- _Activity_: Give again, exactly as written, each line of the material below starting at the line that contains "For Samsung Galaxy" and ending at the line that contains "Vintage Pendant, Gold". Both ends count, and no other line does.

- _Dataset records_:
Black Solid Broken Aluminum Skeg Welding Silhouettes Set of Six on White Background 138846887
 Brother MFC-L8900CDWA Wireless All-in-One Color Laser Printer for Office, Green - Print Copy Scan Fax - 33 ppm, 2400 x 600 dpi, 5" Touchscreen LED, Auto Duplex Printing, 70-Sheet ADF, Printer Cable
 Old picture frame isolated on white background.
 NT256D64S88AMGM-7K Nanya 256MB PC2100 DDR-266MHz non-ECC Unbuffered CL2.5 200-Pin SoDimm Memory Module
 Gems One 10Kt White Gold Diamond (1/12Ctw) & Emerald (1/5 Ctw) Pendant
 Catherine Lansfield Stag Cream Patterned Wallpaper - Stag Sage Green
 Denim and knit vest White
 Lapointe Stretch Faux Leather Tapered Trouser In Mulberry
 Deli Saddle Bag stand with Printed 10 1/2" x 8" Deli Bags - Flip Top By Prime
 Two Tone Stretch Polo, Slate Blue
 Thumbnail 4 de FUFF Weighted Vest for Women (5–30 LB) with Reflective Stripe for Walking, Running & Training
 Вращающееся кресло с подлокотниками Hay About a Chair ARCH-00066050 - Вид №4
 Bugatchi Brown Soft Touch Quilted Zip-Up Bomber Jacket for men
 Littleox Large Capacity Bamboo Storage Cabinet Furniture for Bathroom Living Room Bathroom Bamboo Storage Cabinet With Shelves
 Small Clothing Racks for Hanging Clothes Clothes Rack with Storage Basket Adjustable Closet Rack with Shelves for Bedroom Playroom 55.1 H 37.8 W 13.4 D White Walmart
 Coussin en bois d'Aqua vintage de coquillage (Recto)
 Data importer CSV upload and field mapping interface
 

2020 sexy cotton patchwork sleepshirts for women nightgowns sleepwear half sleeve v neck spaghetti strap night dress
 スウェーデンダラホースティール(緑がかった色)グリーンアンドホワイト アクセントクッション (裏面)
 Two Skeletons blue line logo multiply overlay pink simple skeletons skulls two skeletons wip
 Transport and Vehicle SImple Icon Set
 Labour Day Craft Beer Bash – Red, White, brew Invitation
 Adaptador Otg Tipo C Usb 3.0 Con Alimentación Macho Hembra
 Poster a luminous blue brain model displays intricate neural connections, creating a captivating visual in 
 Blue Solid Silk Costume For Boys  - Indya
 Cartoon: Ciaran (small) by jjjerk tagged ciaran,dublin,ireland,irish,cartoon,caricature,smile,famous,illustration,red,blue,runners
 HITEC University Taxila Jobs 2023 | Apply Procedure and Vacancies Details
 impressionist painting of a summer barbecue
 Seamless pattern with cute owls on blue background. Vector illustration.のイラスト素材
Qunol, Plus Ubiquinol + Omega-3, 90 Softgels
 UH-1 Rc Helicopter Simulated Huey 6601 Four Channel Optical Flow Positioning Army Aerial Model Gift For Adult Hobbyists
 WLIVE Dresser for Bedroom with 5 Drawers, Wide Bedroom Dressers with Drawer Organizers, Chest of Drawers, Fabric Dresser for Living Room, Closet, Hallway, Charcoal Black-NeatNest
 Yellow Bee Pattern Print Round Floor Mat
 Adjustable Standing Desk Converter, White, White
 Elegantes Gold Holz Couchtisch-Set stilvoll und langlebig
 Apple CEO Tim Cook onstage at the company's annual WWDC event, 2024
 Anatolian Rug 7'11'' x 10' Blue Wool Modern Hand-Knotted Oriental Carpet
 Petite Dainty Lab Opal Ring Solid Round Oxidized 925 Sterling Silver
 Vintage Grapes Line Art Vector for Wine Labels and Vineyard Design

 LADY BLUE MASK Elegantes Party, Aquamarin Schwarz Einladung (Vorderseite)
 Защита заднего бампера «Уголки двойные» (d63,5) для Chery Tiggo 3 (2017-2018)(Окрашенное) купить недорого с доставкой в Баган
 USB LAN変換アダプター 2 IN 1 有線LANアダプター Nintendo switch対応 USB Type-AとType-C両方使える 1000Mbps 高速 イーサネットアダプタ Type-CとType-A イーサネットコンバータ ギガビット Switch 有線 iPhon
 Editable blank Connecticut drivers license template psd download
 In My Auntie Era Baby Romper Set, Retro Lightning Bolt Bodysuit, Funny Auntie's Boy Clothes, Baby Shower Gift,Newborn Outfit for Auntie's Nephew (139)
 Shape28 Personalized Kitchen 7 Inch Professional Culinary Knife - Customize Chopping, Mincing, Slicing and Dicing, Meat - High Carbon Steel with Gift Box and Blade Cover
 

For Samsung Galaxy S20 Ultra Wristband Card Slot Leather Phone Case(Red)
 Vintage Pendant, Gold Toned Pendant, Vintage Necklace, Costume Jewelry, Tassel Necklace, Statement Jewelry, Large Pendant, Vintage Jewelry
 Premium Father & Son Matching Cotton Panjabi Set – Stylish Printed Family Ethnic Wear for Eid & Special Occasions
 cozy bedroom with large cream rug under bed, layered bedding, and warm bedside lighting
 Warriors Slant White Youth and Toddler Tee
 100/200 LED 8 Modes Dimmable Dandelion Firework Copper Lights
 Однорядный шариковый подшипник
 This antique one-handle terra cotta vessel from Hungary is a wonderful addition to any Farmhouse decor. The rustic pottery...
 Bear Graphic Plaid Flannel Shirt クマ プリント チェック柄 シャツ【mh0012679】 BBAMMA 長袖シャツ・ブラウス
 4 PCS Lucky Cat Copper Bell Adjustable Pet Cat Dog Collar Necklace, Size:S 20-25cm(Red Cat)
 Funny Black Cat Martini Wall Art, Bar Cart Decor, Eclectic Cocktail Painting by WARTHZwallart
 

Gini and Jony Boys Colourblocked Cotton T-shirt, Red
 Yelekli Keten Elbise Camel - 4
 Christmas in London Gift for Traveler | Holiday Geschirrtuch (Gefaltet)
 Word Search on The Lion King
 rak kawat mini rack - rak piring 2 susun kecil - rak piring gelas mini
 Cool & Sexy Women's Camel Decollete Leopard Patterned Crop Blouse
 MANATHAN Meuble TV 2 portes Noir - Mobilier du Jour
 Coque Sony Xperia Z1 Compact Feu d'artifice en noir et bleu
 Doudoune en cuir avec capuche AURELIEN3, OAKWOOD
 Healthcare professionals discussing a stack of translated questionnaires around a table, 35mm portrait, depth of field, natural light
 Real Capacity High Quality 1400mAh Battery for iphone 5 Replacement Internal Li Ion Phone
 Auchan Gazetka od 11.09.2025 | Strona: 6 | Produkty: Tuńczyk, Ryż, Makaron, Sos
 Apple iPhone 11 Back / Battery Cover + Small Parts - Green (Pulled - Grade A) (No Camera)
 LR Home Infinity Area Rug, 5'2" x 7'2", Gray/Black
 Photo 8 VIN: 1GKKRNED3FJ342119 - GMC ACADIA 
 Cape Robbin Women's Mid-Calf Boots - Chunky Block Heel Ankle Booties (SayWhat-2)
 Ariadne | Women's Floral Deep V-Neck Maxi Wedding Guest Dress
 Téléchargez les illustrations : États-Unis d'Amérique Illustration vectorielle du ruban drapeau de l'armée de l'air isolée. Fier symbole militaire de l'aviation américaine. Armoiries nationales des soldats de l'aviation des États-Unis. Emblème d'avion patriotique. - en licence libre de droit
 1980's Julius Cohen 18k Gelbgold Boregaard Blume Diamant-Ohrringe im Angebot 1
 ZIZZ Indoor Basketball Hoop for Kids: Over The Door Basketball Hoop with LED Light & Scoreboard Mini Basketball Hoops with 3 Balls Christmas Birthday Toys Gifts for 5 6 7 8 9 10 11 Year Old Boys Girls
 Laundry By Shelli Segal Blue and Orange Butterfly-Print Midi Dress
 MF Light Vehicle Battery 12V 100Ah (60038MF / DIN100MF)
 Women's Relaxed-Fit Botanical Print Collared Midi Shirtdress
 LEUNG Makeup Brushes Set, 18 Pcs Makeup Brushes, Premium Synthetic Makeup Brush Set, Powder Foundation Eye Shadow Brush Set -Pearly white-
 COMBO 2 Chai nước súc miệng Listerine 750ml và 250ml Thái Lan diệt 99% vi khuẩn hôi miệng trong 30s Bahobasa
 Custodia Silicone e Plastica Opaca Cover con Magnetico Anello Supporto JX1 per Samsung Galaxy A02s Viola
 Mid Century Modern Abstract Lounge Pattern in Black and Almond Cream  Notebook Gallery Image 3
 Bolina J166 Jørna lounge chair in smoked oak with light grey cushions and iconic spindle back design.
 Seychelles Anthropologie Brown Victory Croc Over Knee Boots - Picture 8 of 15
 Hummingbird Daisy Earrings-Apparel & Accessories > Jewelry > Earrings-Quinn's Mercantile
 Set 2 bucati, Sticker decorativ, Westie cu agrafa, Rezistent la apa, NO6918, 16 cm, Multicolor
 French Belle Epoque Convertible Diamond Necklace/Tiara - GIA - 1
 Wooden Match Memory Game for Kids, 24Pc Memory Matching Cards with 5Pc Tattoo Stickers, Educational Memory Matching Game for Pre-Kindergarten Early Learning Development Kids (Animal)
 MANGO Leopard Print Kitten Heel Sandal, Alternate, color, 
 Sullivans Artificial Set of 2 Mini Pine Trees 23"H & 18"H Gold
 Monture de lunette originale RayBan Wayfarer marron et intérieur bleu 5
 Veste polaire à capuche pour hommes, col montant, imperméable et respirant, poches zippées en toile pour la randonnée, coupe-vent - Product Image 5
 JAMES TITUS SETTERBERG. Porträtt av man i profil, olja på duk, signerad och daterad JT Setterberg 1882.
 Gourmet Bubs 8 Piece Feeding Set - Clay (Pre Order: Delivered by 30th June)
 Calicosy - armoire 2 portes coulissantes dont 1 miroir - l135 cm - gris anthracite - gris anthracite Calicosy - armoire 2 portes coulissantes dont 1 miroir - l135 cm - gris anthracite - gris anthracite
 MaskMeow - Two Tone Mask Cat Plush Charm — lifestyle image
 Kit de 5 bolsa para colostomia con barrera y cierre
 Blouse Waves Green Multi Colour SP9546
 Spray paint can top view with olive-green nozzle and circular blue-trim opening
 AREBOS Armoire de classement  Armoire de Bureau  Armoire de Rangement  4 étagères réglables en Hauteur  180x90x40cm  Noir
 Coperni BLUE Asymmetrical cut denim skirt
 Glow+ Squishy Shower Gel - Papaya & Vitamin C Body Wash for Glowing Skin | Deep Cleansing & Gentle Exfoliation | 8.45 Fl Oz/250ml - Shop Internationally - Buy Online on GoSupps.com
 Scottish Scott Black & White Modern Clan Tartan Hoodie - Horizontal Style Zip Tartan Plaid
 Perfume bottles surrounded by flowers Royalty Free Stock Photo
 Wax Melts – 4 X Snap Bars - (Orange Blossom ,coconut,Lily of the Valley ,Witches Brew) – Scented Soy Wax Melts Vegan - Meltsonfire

- _Exercise response_:
For Samsung Galaxy S20 Ultra Wristband Card Slot Leather Phone Case(Red)
 Vintage Pendant, Gold Toned Pendant, Vintage Necklace, Costume Jewelry, Tassel Necklace, Statement Jewelry, Large Pendant, Vintage Jewelry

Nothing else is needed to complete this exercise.